なお、毎年同じ金額を一定の期間で贈与する「定期贈与(連年贈与)」とみなされた場合、課税の仕組みは異なります。
※参考/No.4408 贈与税の計算と税率(暦年課税)国税庁
https://www.nta.go.jp/taxes/shiraberu/taxanswer/zoyo/4408.htm
国税庁「No.4402 贈与税がかかる場合(定期贈与)」
https://www.nta.go.jp/taxes/shiraberu/taxanswer/zoyo/4402_qa.htm
暦年課税の改正ポイント「贈与の加算期間が3年から7年へ」
これまで暦年課税は、贈与者が亡くなった日から、遡って3年前までの贈与額(110万円以下の贈与財産も含む)を相続財産に加えて相続税を支払う必要がありました。
新たな改正で2024年1月1日以降の贈与から、3年→7年前までに延長されました。ただし、延長された4年間に受けた贈与のうち、総額100万円までは相続財産に加算されません。
★改正ポイント
・生前贈与加算の期間が7年に延長
・延長された4年間に受けた贈与は総額100万円控除 v
たとえば、10年前から贈与を受けていた場合、今回の改正により、7年分の相続財産に対して課税されることになるため、相続税がアップすることに。つまり、今回の改正により暦年課税の節税効果は薄くなったといえるでしょう。
【2】相続時精算課税とは?
相続時精算課税制度とは、その名の通り「相続時」に精算して課税するもので、2003年の税制改正で導入されました。
原則60才以上の父母または祖父母などから、18才以上の子または孫などに対し、財産を贈与した場合に選択できる贈与税の制度です。
生前に贈与した財産額が、累積2,500万円までは非課税となり、贈与税はかかりません。ただし、2,500万円を超える部分については贈与税が一律20%かかります。
相続時精算課税制度を利用する場合は、贈与を受けた年の翌年の2月1日から3月15日の間に所定の書類を税務署に提出する必要がありました。

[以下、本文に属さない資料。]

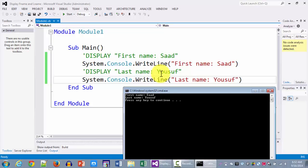So we have been able to successfully convert our logic of displaying the first name and last name from pseudocode to a VB program. Hope you would have enjoyed this tutorial. Catch you in the next one. Thank you for watching.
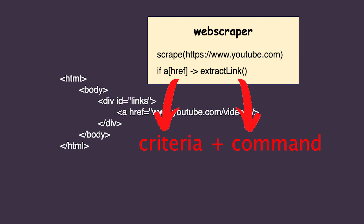That's basically it — this is how you write a Golang web scraper using the Go Colly library. You give it a website to visit, some criteria to watch out for, and you tell it what to execute if the criteria is met. But let's tackle a real-world example so you get a better understanding of how things work, and I'll show you some tricks you can use when writing your own scraper.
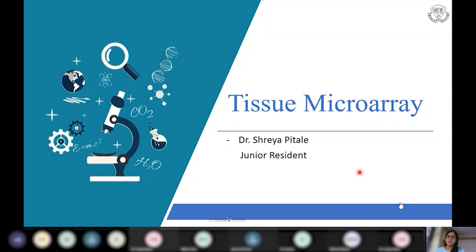Good morning everyone. Today's topic of discussion is tissue microarray, which is a very recently developed research tool. Being a research tool, and we being pathologists, we need to have some basic information about it.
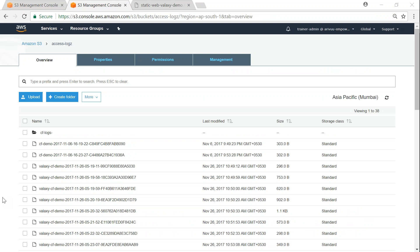Instead of waiting, I'm showing you my access logs bucket where the different types of logs are prefixed with different tags, and we should start seeing our static website logs appearing here soon. That is how simple it is to set up access logs in your S3 static website hosting.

この制度を活用することで、たとえば土地や不動産などの高額な財産や、ある程度まとまった金額を親から子などに生前贈与する場合など、短期間にまとまった財産を移転できます。ただし、相続税は、贈与時の時価で計算されます。
財産の贈与者ごとにこの制度を利用するか否かを選択できますが、一度選択するとその贈与者については暦年課税に変更することはできません。
※参考/国税庁「No.4103 相続時精算課税の選択」
https://www.nta.go.jp/taxes/shiraberu/taxanswer/sozoku/4103.htm
相続時精算課税の改正ポイント「年110万円の基礎控除を新設」
相続時精算課税には、特別控除額2,500万円とは別に、年間110万円の基礎控除が新設され、2024年1月1日以降から適用されるようになりました。

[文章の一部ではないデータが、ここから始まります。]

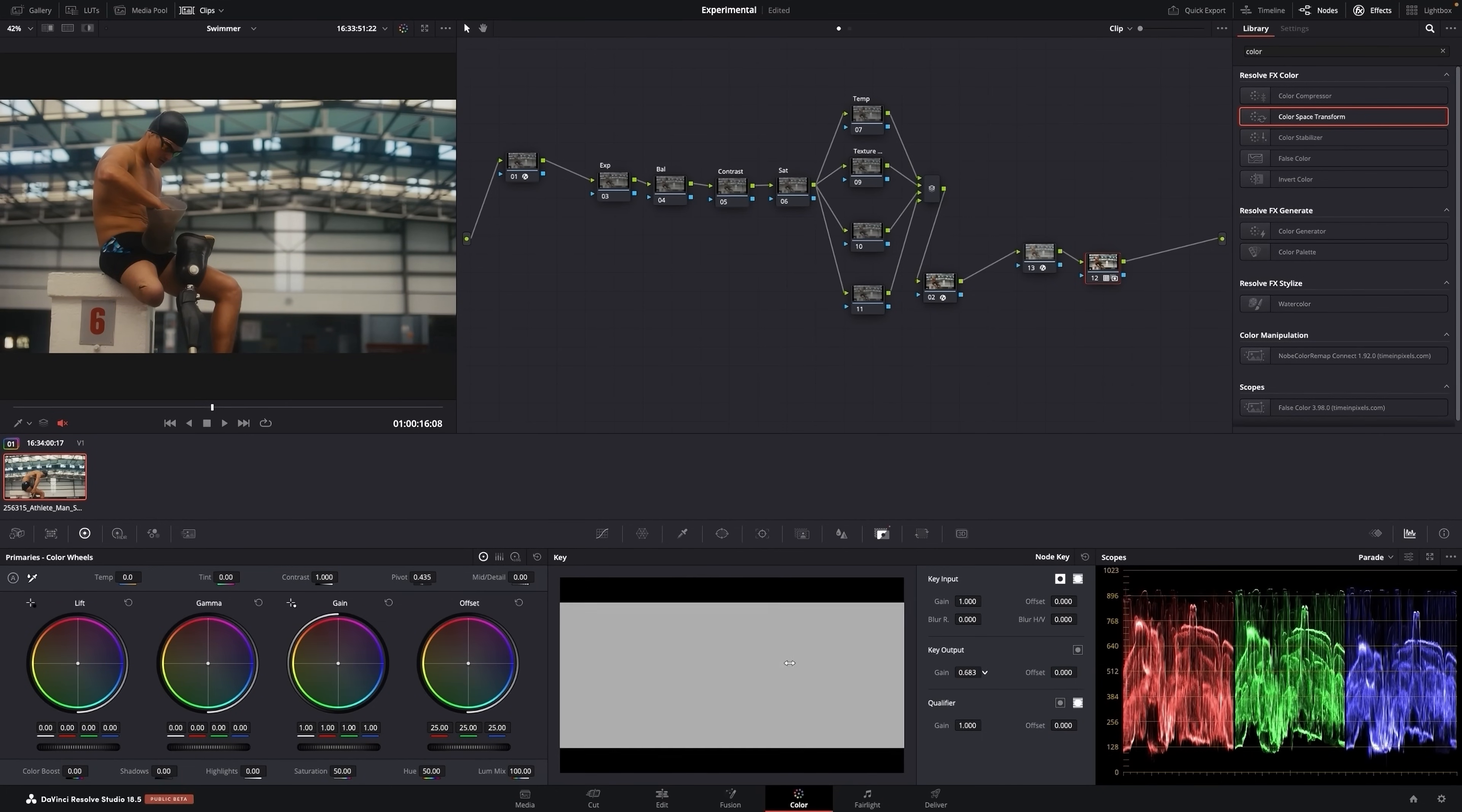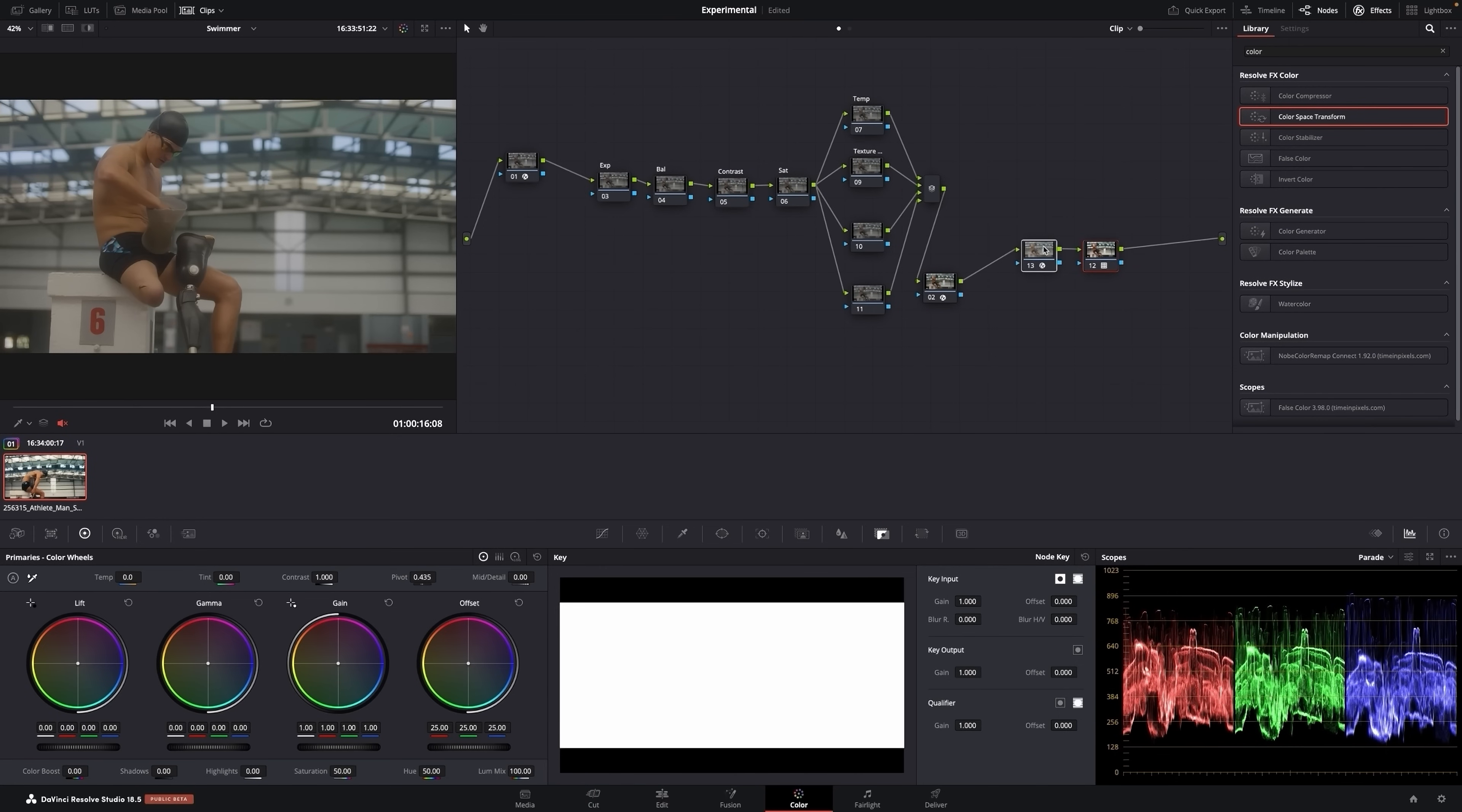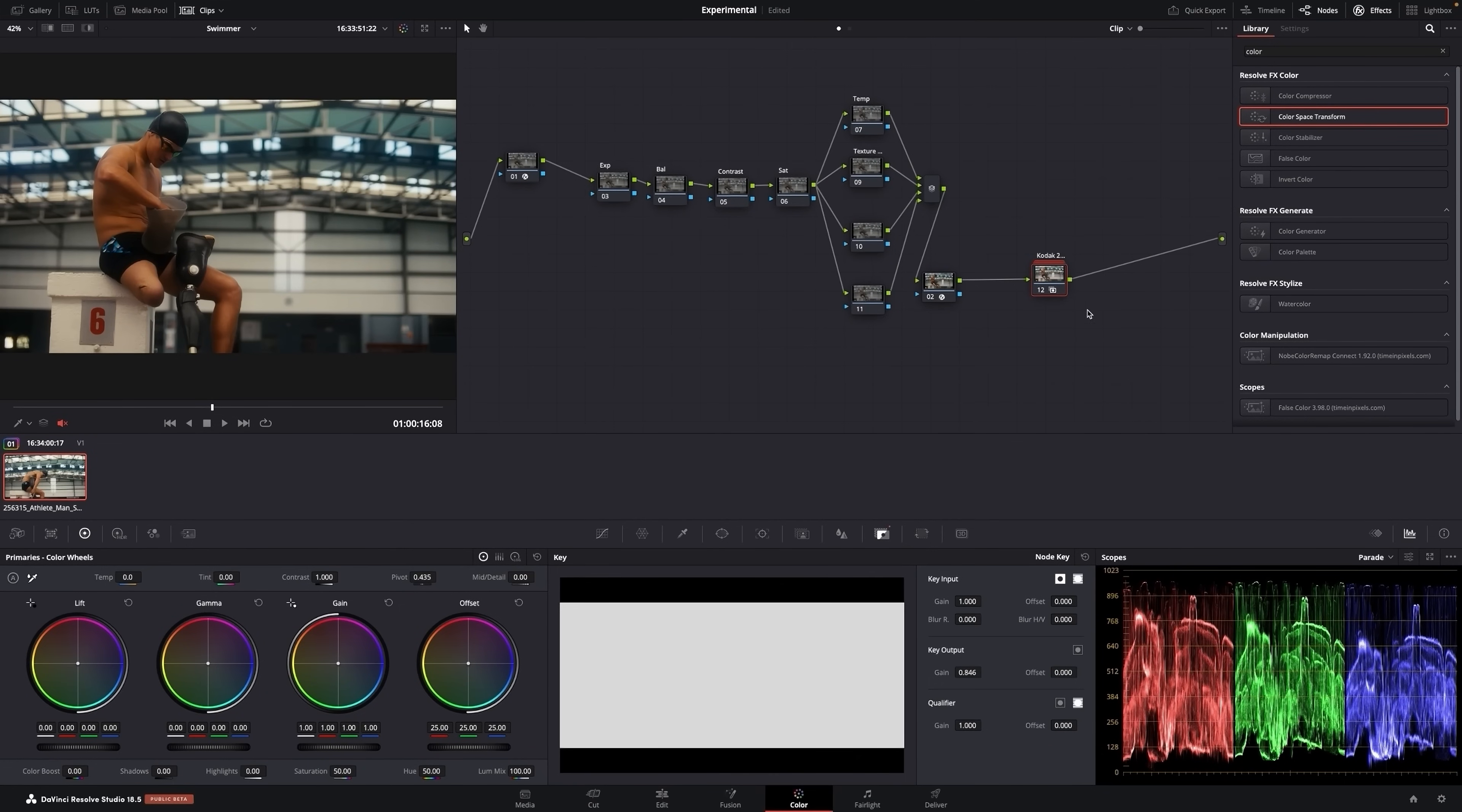A normal way to do that would be to go to the key and then reduce the gain. But you'll see a problem with this. If we reduce the gain, reduce the effect of this node, it's going back to Cineon Film Log, which we don't want. If you say zero, the image looks bad. It's because it's going back to Cineon Film Log. So what we can do here is if we reset this, we take these two and we create a compound node. We'll just turn that on and off. This is with the film look.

なお、贈与した財産が基礎控除額以下の場合は、申告の必要はなく、事務負担が軽減されるなど使い勝手が向上しました。さらに、相続発生時も基礎控除額を除いた残額が相続財産に加算されます。
改正以前は贈与時の時価で計算されていましたが、新たな改正により、土地・建物が令和6年1月1日以降に発生した災害で一定の被害を被った場合には、相続税の課税価格を再計算されることになりました。
★改正のポイント
・年間110万円の基礎控除の創設
・基礎控除分までは贈与税も相続税もかからない
・土地建物が災害で一定の被害を受けた場合、相続時に再計算
たとえば、3年間で2500万円(現金)の贈与を受けた場合、改正前であれば、相続が発生した時点で生前贈与した2,500万円がそのまま相続財産として加算されます。さらに、2年目以降、贈与額が100万円でも1000万円でも申告が必要でした。
改正後は、基礎控除分までは申告の必要もなく、相続財産にも加算する必要がないため節税の効果が上がりました。
贈与税の改正【まとめ】
今回改正により暦年課税制度は節税効果が薄くなったのに比べ、相続時精算課税は基礎控除の創設等、使い勝手が向上しています。
ただし、一度、相続時精算課税を選択すると、暦年課税に変更することはできないので注意が必要です。
「暦年課税」と「相続時精算課税」どちらを選択するかは、贈与の期間や贈与金額等によって慎重に検討する必要があるでしょう。詳しくは、税理士などの専門家に相談してみることをおすすめします。